Ammiraglio, ci spieghi come andò.
«In pratica ero il numero due del Sismi, diretto dal generale Santovito, ed ero anche caporeparto operativo per l’estero. Era l’aprile del 1978, durante il sequestro di Aldo Moro, ero stato incaricato dal governo di fare un’inchiesta per cercare di capire se Moro, sotto interrogatorio da parte delle Brigate Rosse, potesse essere in grado di svelare segreti di Stato relativi alla politica estera o alla sicurezza militare. Ebbi un’assicurazione scritta dalla Farnesina e dal ministero della Difesa che Moro non era a conoscenza di grandi segreti e quindi, anche se avesse parlato, non avrebbe potuto portare gravi danni. Nel corso di questa stessa inchiesta (siamo nella primavera del ’78) mi dissero che Moro non era mai stato "indottrinato" sull’esistenza di Stay Behind (che era uno degli argomenti specifici che io dovevo appurare), cioè che non era stato mai informato ufficialmente della presenza in Italia della struttura segreta della Nato».
E allora come mai nel memoriale di Moro c’è un’indicazione abbastanza precisa su Gladio?
«Quando, nell’autunno ’90, furono ritrovate le carte del covo di via Montenevoso, il pm di Roma Franco Ionta mi fece vedere una delle carte di Moro trovate a Milano in cui accennava ad un’organizzazione segreta della Nato che avrebbe potuto essere identificata con Stay Behind, e mi chiese se, secondo me, Moro si riferiva alla Gladio. Risposi che probabilmente poteva essere così, perché, forse, ne era stato informato da qualcuno del suo partito».
Il ministro della Difesa dell’epoca, Attilio Ruffini, sapeva di Stay Behind?
«Certamente. Ma quando feci l’indagine, nel ’78, riscontrai che il documento di passaggio delle consegne tra lui e il suo precedessore, il ministro Lattanzio, in relazione all’organizzazione Gladio non era nella sua cassaforte».
E cosa avvenne allora?
«In una riunione al Viminale, presente il ministro dell’Interno, Francesco Cossiga, e altri 6-7 testimoni, riferii quello che risultava sulle conoscenze di Moro e consegnai le dichiarazioni del segretario generale della Farnesina, Malfatti, e del Capo di Stato Maggiore della Difesa, Viglione. Feci anche notare a Ruffini che nella sua cassaforte mancava il documento di passaggio di consegne sulla Gladio. Era un particolare che non era irrilevante, ma che non c’entrava niente con gli accertamenti in relazione a Moro».

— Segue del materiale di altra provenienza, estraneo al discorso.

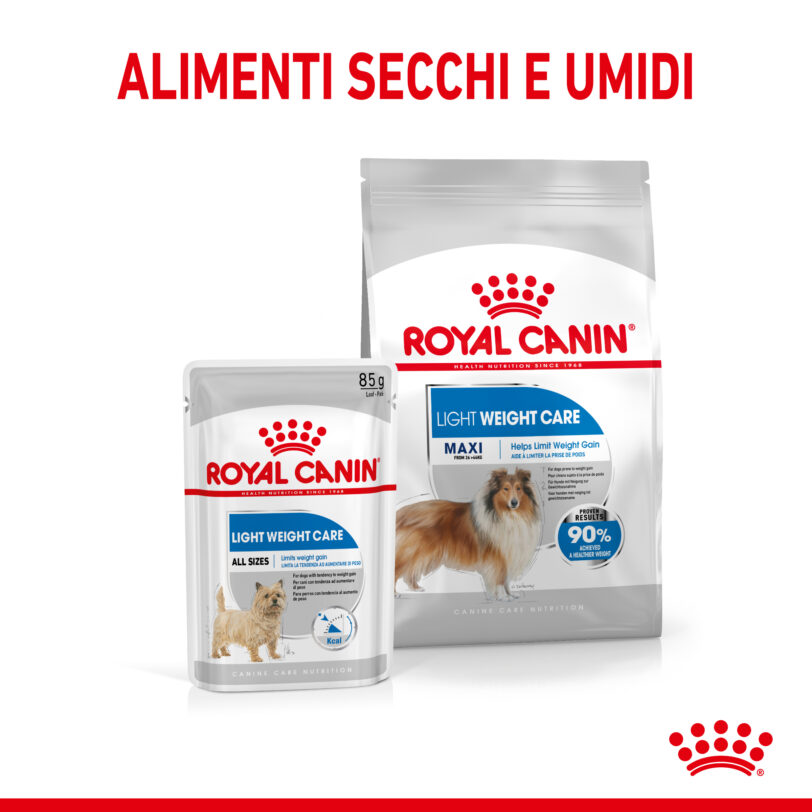 Royal Canin | Maxi Light Weight Care Secco - immagine 8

Forse questa valutazione poteva valere all’epoca, ma non dopo le scoperte di Montenevoso. Come doveva essere questo documento? Un foglio, venticinque fogli?
«Non lo so perché non l’ho visto. So solo che doveva trattare l’argomento Stay Behind».
Lei pochi mesi dopo quell’episodio, in agosto, lasciò il Sismi.
«Sì, avevo avuto quello scontro con il ministro e poi c’erano stati altri episodi che mi indussero a cambiare aria. Giurai a me stesso che non avrei più rimesso piede nel Servizio. Non fu così perché venni nominato direttore del Sismi nell’84, ma andarmene allora fu una scelta saggia: mi mise al riparo da un certo numero di problemi che di lì a poco coinvolsero il servizio».